مُساهمةموضوع: charles dickens vI   الثلاثاء يناير 27, 2009 9:26 pm

Literary style
Dickens's writing style is florid and poetic, with a strong comic touch. His satires of British aristocratic snobbery—he calls one character the "Noble Refrigerator"—are often popular. Comparing orphans to stocks and shares, people to tug boats, or dinner-party guests to furniture are just some of Dickens's acclaimed flights of fancy. Many of his character's names provide the reader with a hint as to the roles played in advancing the storyline, such as Mr. Murdstone in the novel David Copperfield, which is clearly a combination of "murder" and stony coldness. His literary style is also a mixture of fantasy and realism.


Characters

Charles Dickens used his rich imagination, sense of humour and detailed memories, particularly of his childhood, to enliven his fiction.Dickensian characters—especially their typically whimsical names—are among the most memorable in English literature. The likes of Ebenezer Scrooge, Fagin, Mrs.
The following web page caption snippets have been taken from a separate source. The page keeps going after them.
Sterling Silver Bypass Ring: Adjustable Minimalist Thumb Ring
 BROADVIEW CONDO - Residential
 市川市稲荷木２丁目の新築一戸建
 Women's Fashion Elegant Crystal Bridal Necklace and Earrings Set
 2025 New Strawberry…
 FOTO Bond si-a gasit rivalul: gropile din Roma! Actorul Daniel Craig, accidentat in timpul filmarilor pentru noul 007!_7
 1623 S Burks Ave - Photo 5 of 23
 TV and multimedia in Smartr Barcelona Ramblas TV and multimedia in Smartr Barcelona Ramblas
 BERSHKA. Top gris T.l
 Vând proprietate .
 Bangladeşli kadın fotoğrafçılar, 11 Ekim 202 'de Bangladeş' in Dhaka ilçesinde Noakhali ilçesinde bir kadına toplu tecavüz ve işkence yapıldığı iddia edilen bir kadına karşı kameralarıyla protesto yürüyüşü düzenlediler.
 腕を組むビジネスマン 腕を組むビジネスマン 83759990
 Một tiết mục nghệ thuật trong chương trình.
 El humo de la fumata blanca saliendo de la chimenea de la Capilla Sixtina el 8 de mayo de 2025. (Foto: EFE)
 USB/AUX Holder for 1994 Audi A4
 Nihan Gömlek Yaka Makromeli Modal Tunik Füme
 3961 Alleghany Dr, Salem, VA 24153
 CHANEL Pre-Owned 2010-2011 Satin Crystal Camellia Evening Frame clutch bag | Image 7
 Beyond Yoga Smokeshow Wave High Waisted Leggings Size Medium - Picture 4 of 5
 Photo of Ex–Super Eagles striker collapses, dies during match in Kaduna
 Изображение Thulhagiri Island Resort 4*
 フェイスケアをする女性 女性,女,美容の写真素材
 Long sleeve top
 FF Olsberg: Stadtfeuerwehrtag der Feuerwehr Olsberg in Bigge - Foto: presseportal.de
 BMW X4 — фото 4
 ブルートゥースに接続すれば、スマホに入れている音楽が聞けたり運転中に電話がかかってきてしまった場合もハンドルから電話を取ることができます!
Gamp, Charles Darnay, Oliver Twist, Micawber, Abel Magwitch, Samuel Pickwick, Miss Havisham, Wackford Squeers, and many others are so well known and can be believed to be living a life outside the novels that their stories have been continued by other authors.[citation needed]

Dickens loved the style of 18th century gothic romance,[citation needed] although it had already become a target for parody.[citation needed] One "character" vividly drawn throughout his novels is London itself. From the coaching inns on the outskirts of the city to the lower reaches of the Thames, all aspects of the capital are described over the course of his body of work.


Episodic writing
As noted above, most of Dickens's major novels were first written in monthly or weekly instalments in journals such as Master Humphrey's Clock and Household Words, later reprinted in book form. These instalments made the stories cheap, accessible and the series of regular cliff-hangers made each new episode widely anticipated. American fans even waited at the docks in New York, shouting out to the crew of an incoming ship, "Is Little Nell dead?"[18][19][20] Part of Dickens's great talent was to incorporate this episodic writing style but still end up with a coherent novel at the end. The monthly numbers were illustrated by, amongst others, "Phiz" (a pseudonym for Hablot Browne). Among his best-known works are Great Expectations, David Copperfield, Oliver Twist, A Tale of Two Cities, Bleak House, Nicholas Nickleby, The Pickwick Papers, and A Christmas Carol.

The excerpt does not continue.